Reputation: 107
I have emissions data from the 1990s up to 2017 and want to plot a histogram after separating the training and test sets.
The issue (I think) is that the years column is an object data type (entries for this column look like this: 1995JJ00
) and I want to switch it to an int
data type so I can plot a histogram with matplotlib.
The reason why I want to see the years data on a plot is to make sure that splitting the data included a reasonable spread of the years and didn't accidentally include a lot of results from similar years. Maybe this isn't even the best way to decide that, however I'm down this rabbit hole and would like to see it through.
First I removed the unwanted letters and numbers at the end by:
trainsetcopy['Perioden'] = trainsetcopy['Perioden'].map(lambda x: str(x)[:-4])
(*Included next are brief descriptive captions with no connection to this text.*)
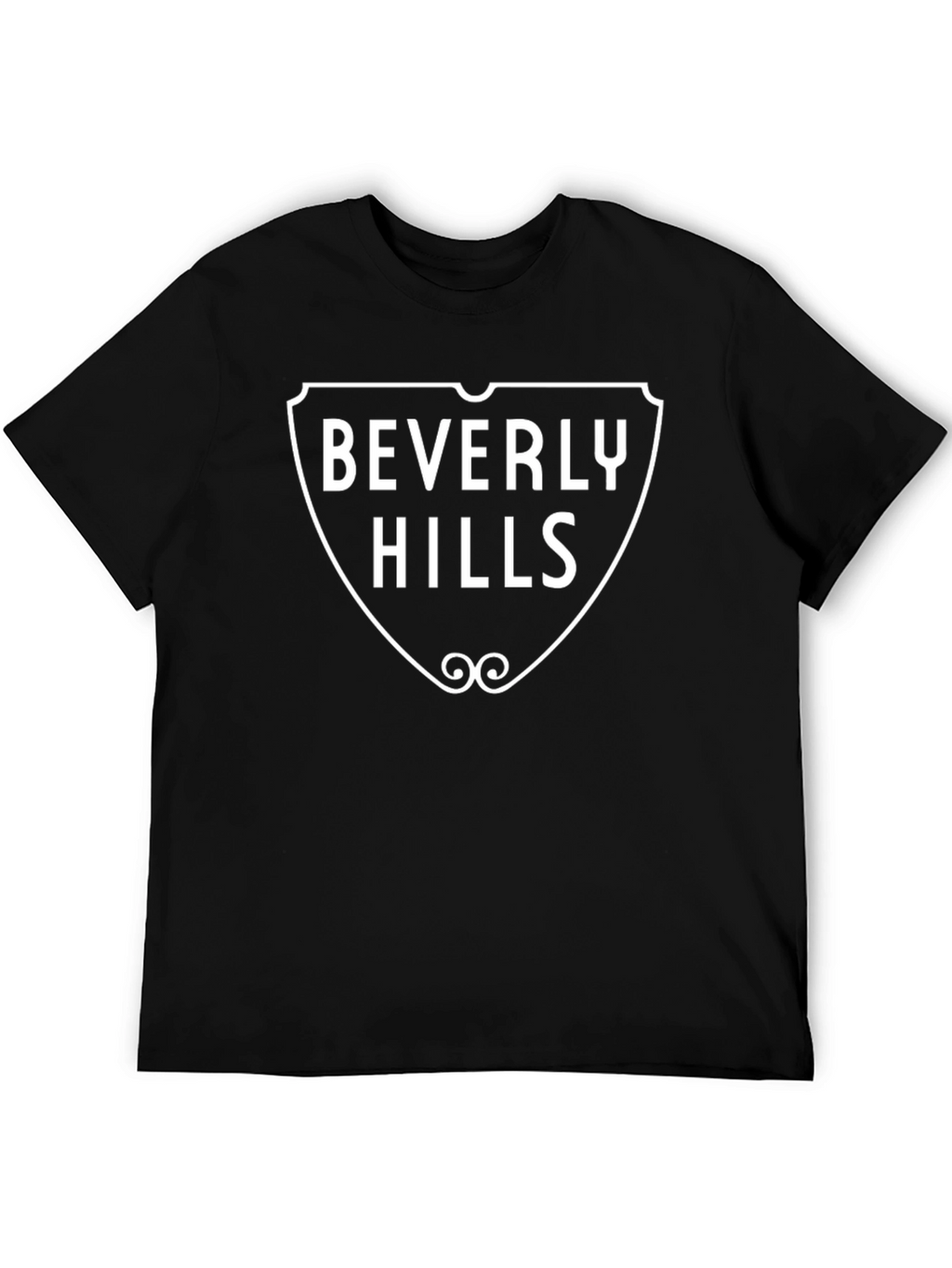 Beverly Hills Graphic Tee - Classic Black T-Shirt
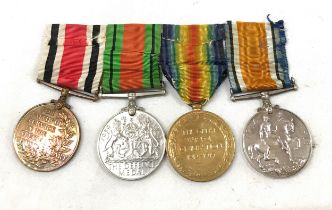 Selection of military medals to include WW1 and 2 - Pt H Nixon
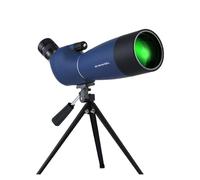 25-75x70 Télescope Longue-Vue Zoom Monoculaire BAK4 Prisme Télescope avec Trépied for Tir sur Cible Observation des Oiseaux Étanche(25-75x70 Blue C)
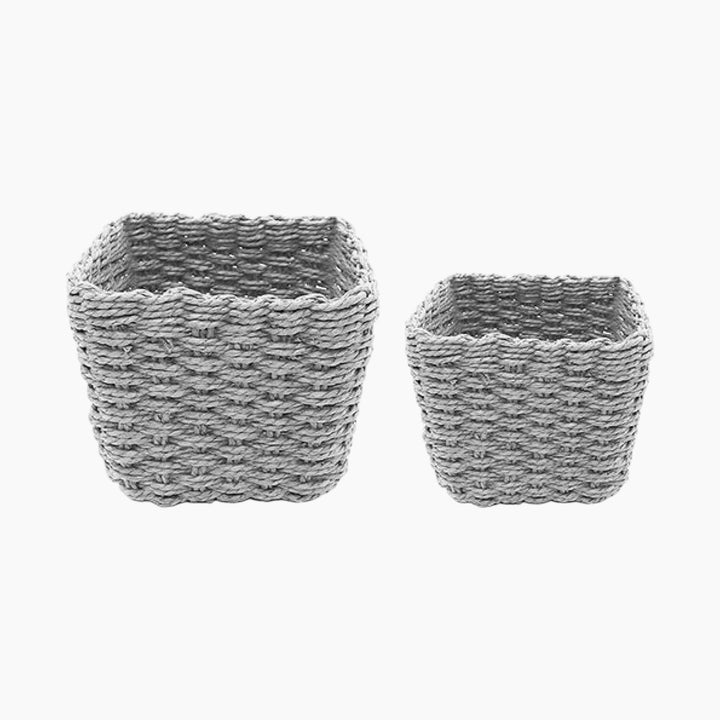 Weva Spectrum Faux Rattan Storage Basket Set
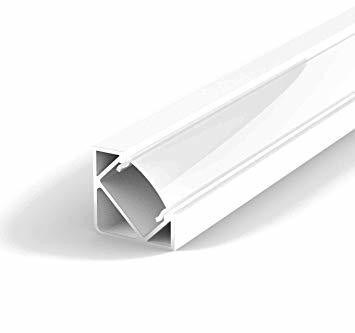 SHENGXIN 2019 Led Breitspiegel Weißlicht Kanal Kanal Wandmontierte Streifen Abdeckung Aluminium Ecke Led Profil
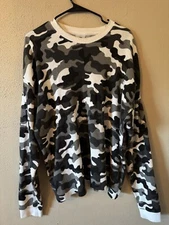 Pro Club Men's Heavyweight Cotton Long Sleeve Crew Neck Thermal Shirt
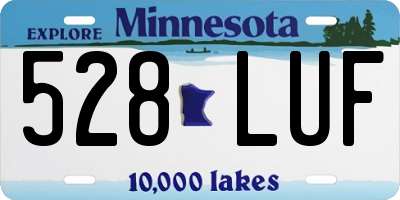 MN license plate 528LUF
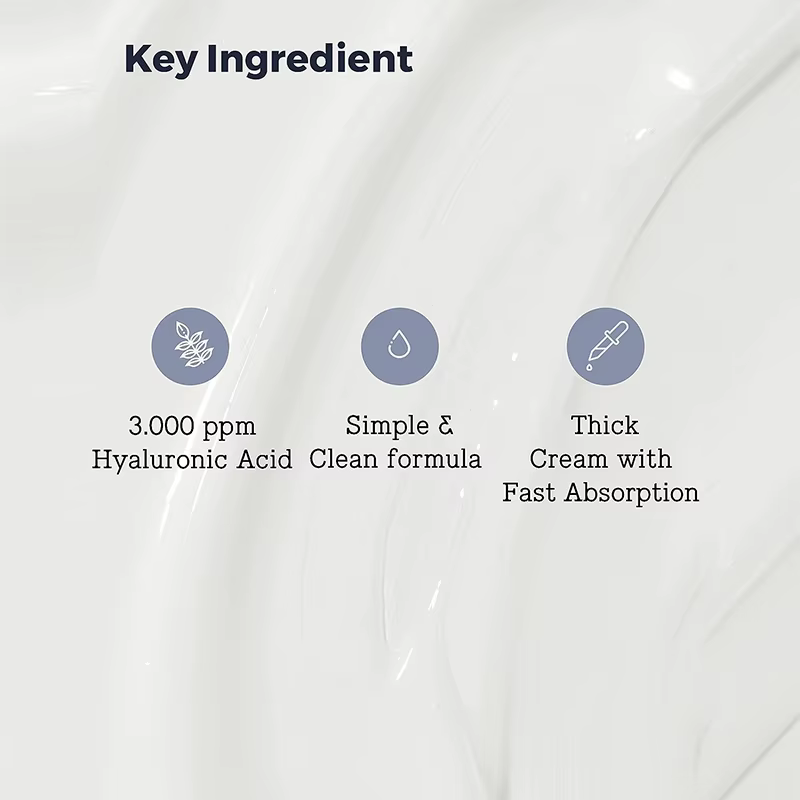 Crème visage à l'acide hyaluronique
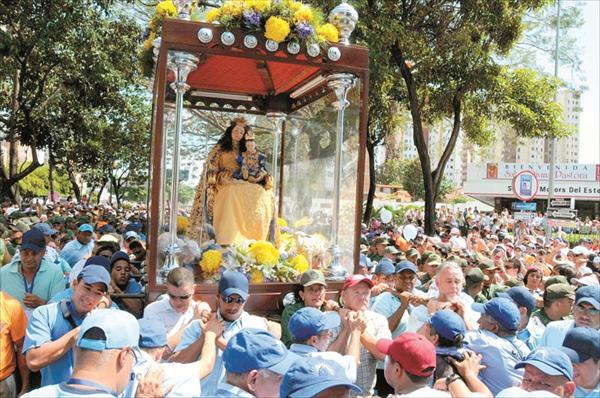 Divina Pastora recibirá serenata en la Flor de Venezuela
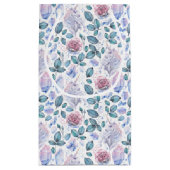 水彩画のユニコーンの水晶及びバラパターン スモールペーパーバッグ (裏面)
The data is from the Netherlands so 'Perioden' is years. Now I want to change the datatype of the column to enable it for plotting on a histogram. For this I tried:
trainsetcopy['Perioden'].astype(str).astype(np.int64)
and ended up with:
trainsetcopy.dtypes
ID int64
Bronnen object
Perioden object
CO2_1 int64
CH4_2 float64
N2O_3 float64
dtype: object
Which hasn't changed the datatype. How can I fix this?
Upvotes: 0
Views: 196
Reputation: 460
I think you just need to assign the output of those dtype changes back to your DataFrame:
trainsetcopy['Perioden'] = trainsetcopy['Perioden'].astype(str).astype(np.int64)
Upvotes: 1